Com efeito, a infeliz divisão entre países ricos e pobres é a divisão entre as nações que sabem e as que não sabem. No Brasil, que outrora lembrava no estrangeiro um país alegre, musical, idílico, até utópico, a educação não faz parte da agenda estratégica dos governos e a sociedade civil não cobra nem fiscaliza. Deu no que deu – um país sem utopias, com instituições políticas sem crédito, com verdadeiros contra-exemplos por parte dos políticos, um país onde a frivolidade e a vulgaridade assolam todas as classes, onde o trabalho nem parece mais fator de dignidade. Um país caricato.
A escola pública sofre com o gigantismo da máquina pública. Os recursos, extraídos penosamente dos contribuintes, fica, em grandes proporções, na máquina, na burocracia, sem falar do ralo das “licitações” – pouco chega ao contracheque do professor, quase nada à manutenção da escola. Para compensar, permite-se que a estrutura de carreira do professor tenha como referência o tempo de serviço e a formação. Basta ficar onde está para que o professor vá ganhando promoções. Pelo princípio da isonomia, todos com o mesmo tempo de serviço e formação ganham a mesma coisa. Ninguém é gratificado por resultados.

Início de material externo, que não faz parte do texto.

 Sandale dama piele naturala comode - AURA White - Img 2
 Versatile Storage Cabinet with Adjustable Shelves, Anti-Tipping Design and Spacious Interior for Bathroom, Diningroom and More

O ensino público também fica prejudicado pelo corporativismo dos profissionais de educação, às vezes influenciados por uma esquerda conservadora, que não perde oportunidade para sentenciar o que considera politicamente incorreto. Em seu seio não faltam psicopedagogos fundamentalistas, que torcem o nariz para os “leigos”; são incapazes de cogitar mudanças de visão. O currículo enciclopédico, diluído, não se coaduna à mutante realidade dos tempos atuais, que exige um conhecimento dotado de certa utilidade, só passível de ser obtido mediante um currículo mais enxuto e uma pedagogia menos distante da realidade do aluno.

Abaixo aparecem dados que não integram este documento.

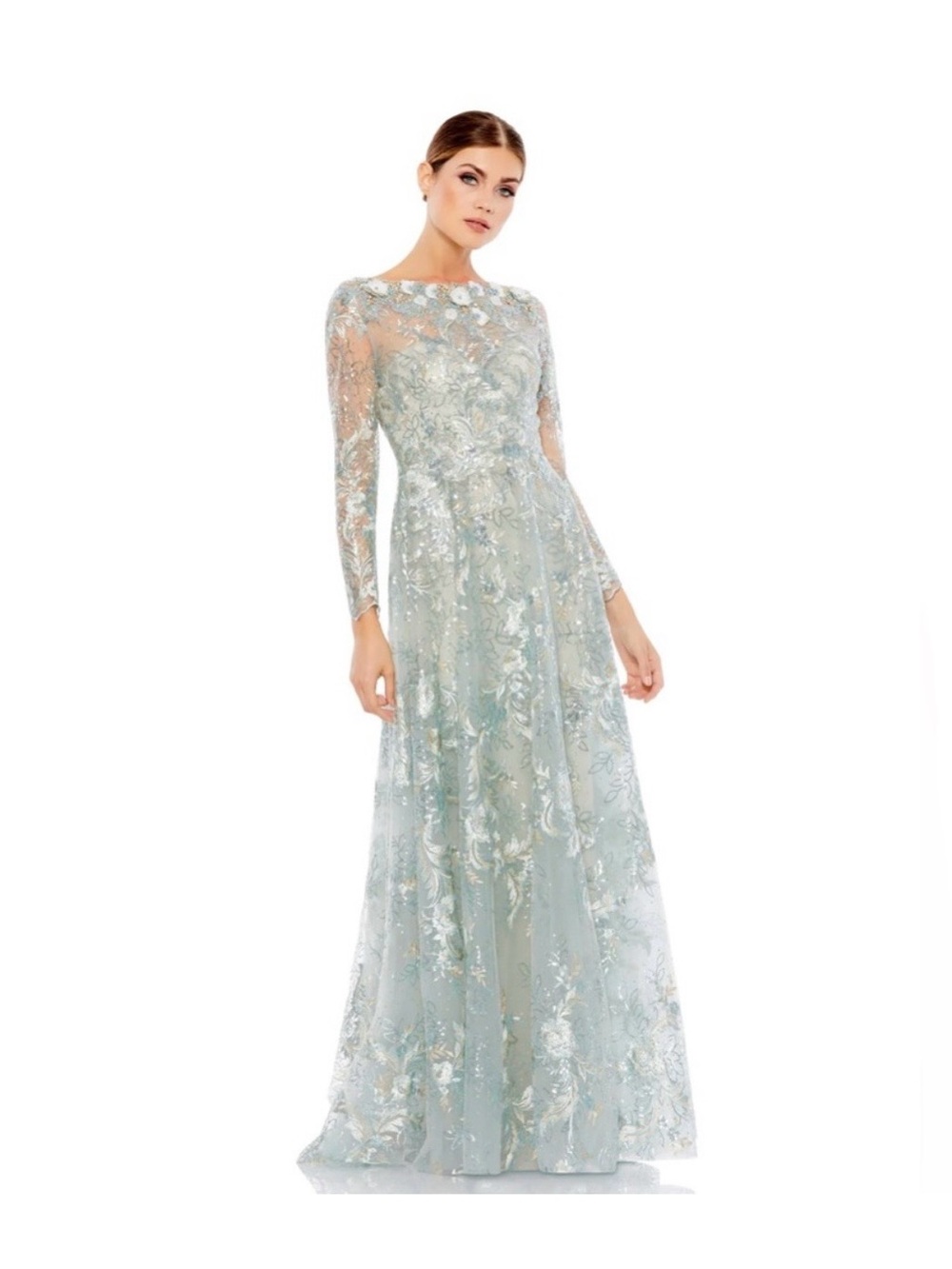 Shimmering Mac Duggal 67498 Bateau Neck Gown Size 14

Outra deficiência de nosso sistema educacional é que os gestores públicos não se valem dos meios de comunicação, a não ser para se promoverem. A mídia embarca nessa. Como diz a professora Guiomar Nammo, ela, a mídia, acaba por confundir o episódico com o estrutural, a aparência com a essência, a causa com o efeito: uma escola assaltada vale mais do que toda a repetência daquele ano. É preciso aproveitar a mídia e aprofundar o assunto educação – colocá-lo na ordem do dia com a devida urgência.

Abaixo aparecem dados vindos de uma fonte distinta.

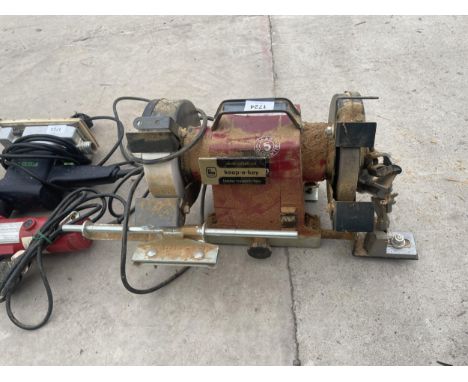 A CREUSEN DOUBLE ENDED BENCH GRINDER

Em políticas públicas, temos o cacoete de privilegiar as quantidades em detrimento da qualidade. Esta sim, imaterial, é que faz a diferença. Os relatórios dizem: foram construídas tantas escolas, reformadas outras tantas, transportamos tantos alunos, demos merenda a tantos outros, adquirimos tantos computadores e tantos kits para laboratórios... Que tal dizer: “nossos alunos se deram muito bem na avaliação nacional” ? O problema é que quantidade rende voto, qualidade não. Investir em algo que não rende voto, nessa democracia cênica é dar tiro no pé. Nas escolas públicas é freqüente a ocorrência do pacto da mediocridade: meus colegas votam em mim para diretor da escola e eu afrouxarei a vida deles.
Não é preciso estudar muito para concluir que a escola brasileira, sobretudo a pública, é ruim. Fazemos muito feio aí pelo mundo. Diante disso, há muito sou convencido de que a solução não é aumentar a permanência de horas do aluno na escola. Se mal conseguimos proporcionar uma educação em um único turno, vamos engaiolar o aluno em dois turnos? Escola ruim em dobro é pior. É melhor um arroz com feijão bem feito do que um estrogonofe ralo e insosso.
O dinheiro era escasso para tantas responsabilidades. Pensou-se no Fundeb para assegurar mais recursos e incluir o ensino médio. Pelo jeito vai ficar mais difícil ainda: foram incluídos novos contingentes (desde a creche). Resultado: a diluição das verbas públicas será ainda maior.
Ora dormindo no ponto, ora sonhando alto demais, a Nação testemunha o definhamento social, de crescimento geométrico. Está passando da hora de fazermos alguma coisa. É preciso reconstruir o muro.